The legislators told the DEA in an April 24 follow-up that “it is time to make good on the President’s commitments” to enact marijuana reform.
That was a reference to President Joe Biden’s October 2022 order to cabinet-level agencies to “expeditiously review” marijuana’s Schedule 1 status under the Controlled Substances Act (CSA).
Long wait
Advocates and players in the regulated U.S. marijuana industry are waiting on the DEA to rule on a subsequent August 2023 recommendation from federal health regulators that marijuana be moved from Schedule 1 of the CSA to Schedule 3.
The historic recommendation from the Department of Health and Human Services (HHS) that marijuana be assigned official medical value also could unlock massive tax savings for struggling cannabis retailers.
But in the eight months since the HHS recommendation, the DEA has kept a tight lid on the status of its review and how it might ultimately rule.
The DEA’s acting chief of congressional affairs, Michael Miller, told Sen. Elizabeth Warren, D-Massachusetts, in the April 16 letter that the agency is “carefully following” the “procedures that Congress set forth in the Controlled Substances Act, including an opportunity for a public comment period and a hearing.”
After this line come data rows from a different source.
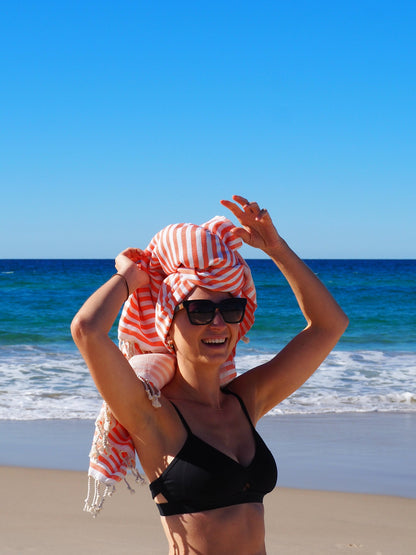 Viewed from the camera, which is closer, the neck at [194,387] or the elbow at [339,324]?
the neck at [194,387]

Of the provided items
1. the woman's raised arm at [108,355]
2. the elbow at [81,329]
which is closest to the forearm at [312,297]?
the woman's raised arm at [108,355]

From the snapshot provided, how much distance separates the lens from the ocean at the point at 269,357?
9.94m

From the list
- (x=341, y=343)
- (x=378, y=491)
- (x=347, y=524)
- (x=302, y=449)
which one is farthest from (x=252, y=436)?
(x=341, y=343)

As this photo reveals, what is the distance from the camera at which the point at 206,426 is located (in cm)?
263

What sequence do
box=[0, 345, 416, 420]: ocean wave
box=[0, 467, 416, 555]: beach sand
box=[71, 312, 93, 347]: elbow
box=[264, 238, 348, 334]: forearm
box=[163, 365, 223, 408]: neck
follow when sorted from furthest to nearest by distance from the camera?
box=[0, 345, 416, 420]: ocean wave, box=[0, 467, 416, 555]: beach sand, box=[264, 238, 348, 334]: forearm, box=[163, 365, 223, 408]: neck, box=[71, 312, 93, 347]: elbow

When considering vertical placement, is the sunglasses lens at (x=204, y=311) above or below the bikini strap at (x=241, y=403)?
above

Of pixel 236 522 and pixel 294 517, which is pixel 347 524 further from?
pixel 236 522

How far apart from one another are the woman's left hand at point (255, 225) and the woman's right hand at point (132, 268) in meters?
0.35

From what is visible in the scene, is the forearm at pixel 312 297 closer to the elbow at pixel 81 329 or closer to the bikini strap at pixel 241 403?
the bikini strap at pixel 241 403

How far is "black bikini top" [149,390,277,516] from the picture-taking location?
96.9 inches

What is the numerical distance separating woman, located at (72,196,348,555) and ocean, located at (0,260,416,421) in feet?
21.9

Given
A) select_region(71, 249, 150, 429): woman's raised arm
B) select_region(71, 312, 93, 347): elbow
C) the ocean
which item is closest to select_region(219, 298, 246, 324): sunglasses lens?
select_region(71, 249, 150, 429): woman's raised arm

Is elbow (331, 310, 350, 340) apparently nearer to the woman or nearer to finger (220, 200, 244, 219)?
the woman

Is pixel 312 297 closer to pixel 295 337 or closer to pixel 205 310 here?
pixel 295 337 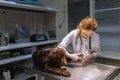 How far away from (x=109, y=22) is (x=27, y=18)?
1.29 metres

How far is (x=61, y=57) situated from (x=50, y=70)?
0.13m

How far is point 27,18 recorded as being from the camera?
2395mm

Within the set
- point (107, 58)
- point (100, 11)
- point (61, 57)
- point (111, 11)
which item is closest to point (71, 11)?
point (100, 11)

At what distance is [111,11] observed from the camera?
2061 millimetres

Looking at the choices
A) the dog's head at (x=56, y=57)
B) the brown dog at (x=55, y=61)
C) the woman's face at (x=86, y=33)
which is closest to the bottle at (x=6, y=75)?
the brown dog at (x=55, y=61)

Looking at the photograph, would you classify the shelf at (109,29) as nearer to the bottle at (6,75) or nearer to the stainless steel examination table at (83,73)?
the stainless steel examination table at (83,73)

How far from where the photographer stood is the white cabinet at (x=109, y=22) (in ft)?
6.61

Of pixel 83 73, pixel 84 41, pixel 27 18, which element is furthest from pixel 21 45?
pixel 83 73

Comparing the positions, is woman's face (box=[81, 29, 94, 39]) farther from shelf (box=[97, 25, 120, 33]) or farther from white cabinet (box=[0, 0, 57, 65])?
white cabinet (box=[0, 0, 57, 65])

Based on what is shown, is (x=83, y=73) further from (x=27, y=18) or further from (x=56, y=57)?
(x=27, y=18)

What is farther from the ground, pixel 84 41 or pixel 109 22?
pixel 109 22

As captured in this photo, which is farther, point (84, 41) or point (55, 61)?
point (84, 41)

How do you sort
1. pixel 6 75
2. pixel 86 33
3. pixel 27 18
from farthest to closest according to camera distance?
pixel 27 18 → pixel 6 75 → pixel 86 33

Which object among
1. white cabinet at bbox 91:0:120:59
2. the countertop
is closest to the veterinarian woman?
the countertop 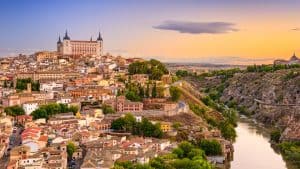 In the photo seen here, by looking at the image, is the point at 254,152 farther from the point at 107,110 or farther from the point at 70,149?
the point at 70,149

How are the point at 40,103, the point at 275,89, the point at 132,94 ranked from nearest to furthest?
the point at 40,103, the point at 132,94, the point at 275,89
Miller offered no other details, but the mention of a comment period and subsequent hearing led observers to speculate that a rescheduling decision won’t be fast-tracked.
This is important. It confirms what Milgram said in testimony a while back: there WILL be notice and comment, meaning this will NOT be done via final order. That means we are not in the super fast track timeline. https://t.co/xK5DSVl0sz
— AdmindotLaw (@admindotlaw) April 25, 2024
That could mean many more months before the benefits of potential rescheduling such as banking are unlocked.
‘Correct marijuana’s misguided placement’
The slow timeline is frustrating the cannabis industry, and it’s also dissatisfying leading Democratic voices for marijuana reform, including Warren, Senate Minority Leader Chuck Schumer as well as U.S. Rep. Earl Blumenauer and Sen. Ron Wyden, both of Oregon.
“While we understand that the DEA may be navigating internal disagreement on this matter, it is critical that the agency swiftly correct marijuana’s misguided placement in Schedule I,” the 21 Democrats wrote in their April 24 letter.
“We are also hopeful that the DEA will not make the unprecedented choice to disagree with HHS’s medical finding that a drug does not belong in Schedule I.”